**EXERCISE DETAILS**
The material below holds a span beginning at the line with "Land Rover Defender" and ending at the line with "Daire Brand New Cozy 1bdr/1bth In Bakirkoey". Quote that span exactly, both ends included, and only that span.

════════

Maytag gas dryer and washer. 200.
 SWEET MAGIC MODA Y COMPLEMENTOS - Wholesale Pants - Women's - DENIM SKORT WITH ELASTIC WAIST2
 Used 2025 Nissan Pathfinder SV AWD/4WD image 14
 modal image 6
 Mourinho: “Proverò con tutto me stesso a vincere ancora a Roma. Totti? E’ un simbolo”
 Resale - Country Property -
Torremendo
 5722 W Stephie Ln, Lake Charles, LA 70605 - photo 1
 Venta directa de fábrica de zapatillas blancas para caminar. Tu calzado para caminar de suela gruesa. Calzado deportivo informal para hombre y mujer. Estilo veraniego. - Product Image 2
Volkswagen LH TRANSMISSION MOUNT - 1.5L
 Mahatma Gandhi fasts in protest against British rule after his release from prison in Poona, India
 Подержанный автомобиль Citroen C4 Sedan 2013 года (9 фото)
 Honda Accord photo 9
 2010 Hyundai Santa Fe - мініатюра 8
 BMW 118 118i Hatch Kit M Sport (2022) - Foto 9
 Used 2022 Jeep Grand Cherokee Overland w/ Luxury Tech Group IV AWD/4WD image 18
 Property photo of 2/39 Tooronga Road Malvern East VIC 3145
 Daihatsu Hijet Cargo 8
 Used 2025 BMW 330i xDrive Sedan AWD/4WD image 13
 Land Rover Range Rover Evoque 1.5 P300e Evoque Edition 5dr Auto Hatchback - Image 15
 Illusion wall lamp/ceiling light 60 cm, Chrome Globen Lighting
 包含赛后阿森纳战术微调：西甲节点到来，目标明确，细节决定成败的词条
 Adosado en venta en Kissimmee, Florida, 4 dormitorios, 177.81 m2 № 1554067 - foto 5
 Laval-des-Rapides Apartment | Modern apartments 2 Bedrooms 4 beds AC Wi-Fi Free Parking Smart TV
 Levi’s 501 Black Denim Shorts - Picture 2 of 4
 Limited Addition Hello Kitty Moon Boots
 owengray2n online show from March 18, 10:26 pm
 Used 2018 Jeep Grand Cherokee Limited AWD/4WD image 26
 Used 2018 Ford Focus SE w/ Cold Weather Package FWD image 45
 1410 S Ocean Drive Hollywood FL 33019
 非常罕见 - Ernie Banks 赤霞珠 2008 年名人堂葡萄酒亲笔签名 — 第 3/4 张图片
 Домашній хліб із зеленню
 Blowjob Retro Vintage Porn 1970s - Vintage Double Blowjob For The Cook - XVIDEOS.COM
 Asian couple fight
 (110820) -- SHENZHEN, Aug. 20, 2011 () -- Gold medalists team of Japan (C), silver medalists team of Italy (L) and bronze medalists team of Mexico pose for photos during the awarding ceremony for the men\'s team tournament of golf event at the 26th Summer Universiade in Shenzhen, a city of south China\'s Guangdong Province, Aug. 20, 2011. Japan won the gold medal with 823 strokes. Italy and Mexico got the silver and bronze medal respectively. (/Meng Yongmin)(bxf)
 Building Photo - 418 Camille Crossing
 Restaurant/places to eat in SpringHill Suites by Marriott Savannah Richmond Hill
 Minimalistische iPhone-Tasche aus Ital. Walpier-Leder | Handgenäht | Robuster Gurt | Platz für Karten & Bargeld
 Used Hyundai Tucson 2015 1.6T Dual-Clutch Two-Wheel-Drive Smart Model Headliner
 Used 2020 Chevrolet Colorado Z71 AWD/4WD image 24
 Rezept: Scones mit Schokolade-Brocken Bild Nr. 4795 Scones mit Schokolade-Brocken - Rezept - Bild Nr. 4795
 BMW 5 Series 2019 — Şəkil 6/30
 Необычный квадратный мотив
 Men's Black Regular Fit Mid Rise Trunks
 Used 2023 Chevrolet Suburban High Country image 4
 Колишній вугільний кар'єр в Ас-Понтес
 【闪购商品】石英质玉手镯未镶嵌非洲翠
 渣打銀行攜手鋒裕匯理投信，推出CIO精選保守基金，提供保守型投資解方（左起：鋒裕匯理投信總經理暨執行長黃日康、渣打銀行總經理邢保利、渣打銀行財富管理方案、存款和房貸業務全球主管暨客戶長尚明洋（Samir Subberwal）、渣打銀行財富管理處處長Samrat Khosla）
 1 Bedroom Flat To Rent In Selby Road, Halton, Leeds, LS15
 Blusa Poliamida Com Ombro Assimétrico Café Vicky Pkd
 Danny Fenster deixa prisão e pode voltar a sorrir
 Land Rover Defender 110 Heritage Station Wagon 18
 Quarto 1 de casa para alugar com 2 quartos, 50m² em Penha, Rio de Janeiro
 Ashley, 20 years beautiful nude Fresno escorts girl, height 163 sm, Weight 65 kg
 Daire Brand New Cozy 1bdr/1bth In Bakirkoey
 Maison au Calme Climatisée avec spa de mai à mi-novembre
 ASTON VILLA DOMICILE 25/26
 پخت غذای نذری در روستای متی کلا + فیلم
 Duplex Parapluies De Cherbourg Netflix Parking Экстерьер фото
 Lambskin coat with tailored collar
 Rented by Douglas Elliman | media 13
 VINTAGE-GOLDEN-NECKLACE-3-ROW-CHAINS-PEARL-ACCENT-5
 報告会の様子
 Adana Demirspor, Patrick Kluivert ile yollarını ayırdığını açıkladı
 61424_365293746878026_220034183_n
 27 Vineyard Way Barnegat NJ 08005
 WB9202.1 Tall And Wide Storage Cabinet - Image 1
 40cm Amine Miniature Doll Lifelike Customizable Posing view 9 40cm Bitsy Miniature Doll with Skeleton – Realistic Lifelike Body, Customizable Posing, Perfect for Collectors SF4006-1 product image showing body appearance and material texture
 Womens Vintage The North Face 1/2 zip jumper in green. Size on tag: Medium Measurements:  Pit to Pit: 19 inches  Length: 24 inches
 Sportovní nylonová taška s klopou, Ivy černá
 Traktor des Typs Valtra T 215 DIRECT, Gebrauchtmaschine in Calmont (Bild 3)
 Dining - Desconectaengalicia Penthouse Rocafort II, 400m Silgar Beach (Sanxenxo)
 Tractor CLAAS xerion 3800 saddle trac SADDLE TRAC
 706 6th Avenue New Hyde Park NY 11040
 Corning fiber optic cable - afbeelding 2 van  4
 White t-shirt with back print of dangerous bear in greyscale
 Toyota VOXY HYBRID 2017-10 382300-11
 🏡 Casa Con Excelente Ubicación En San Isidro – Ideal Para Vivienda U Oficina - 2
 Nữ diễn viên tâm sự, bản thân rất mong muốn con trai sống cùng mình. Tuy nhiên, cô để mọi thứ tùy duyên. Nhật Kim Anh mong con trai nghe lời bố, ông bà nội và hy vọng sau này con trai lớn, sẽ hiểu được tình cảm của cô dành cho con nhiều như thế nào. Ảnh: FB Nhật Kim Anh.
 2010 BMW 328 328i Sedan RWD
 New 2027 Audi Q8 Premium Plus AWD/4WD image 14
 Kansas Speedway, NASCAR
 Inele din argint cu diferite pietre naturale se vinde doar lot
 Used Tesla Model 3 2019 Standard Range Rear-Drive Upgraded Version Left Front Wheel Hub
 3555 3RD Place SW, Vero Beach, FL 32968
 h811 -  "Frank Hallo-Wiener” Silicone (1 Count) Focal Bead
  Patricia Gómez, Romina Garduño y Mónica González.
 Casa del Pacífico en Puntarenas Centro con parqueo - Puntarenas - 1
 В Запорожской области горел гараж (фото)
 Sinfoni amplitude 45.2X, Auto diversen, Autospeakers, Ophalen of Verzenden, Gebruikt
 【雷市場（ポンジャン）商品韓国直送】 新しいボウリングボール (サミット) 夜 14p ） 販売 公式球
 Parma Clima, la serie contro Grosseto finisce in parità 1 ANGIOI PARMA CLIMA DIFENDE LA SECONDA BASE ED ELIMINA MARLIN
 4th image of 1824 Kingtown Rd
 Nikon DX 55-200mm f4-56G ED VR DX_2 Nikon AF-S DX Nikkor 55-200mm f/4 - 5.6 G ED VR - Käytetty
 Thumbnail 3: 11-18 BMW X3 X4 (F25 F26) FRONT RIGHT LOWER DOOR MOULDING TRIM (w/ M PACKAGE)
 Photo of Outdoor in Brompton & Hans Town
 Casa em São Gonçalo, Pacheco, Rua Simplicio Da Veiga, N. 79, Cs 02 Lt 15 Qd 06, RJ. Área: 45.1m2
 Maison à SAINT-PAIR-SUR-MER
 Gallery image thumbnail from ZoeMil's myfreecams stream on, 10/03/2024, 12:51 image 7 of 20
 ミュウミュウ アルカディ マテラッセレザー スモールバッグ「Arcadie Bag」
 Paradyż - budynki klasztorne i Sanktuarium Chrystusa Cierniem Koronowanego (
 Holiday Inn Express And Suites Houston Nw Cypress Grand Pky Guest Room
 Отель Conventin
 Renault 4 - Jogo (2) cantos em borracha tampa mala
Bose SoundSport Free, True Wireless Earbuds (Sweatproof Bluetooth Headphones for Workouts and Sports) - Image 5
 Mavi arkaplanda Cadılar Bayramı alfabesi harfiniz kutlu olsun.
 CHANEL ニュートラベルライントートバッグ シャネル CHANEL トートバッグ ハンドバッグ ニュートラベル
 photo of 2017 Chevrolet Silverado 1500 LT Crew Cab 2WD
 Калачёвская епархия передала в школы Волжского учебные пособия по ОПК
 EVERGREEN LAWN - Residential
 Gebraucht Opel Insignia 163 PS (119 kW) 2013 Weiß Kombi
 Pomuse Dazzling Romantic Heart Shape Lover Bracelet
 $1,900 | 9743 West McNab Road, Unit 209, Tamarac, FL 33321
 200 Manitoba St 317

════════

**EXPECTED ANSWER**
 Land Rover Defender 110 Heritage Station Wagon 18
 Quarto 1 de casa para alugar com 2 quartos, 50m² em Penha, Rio de Janeiro
 Ashley, 20 years beautiful nude Fresno escorts girl, height 163 sm, Weight 65 kg
 Daire Brand New Cozy 1bdr/1bth In Bakirkoey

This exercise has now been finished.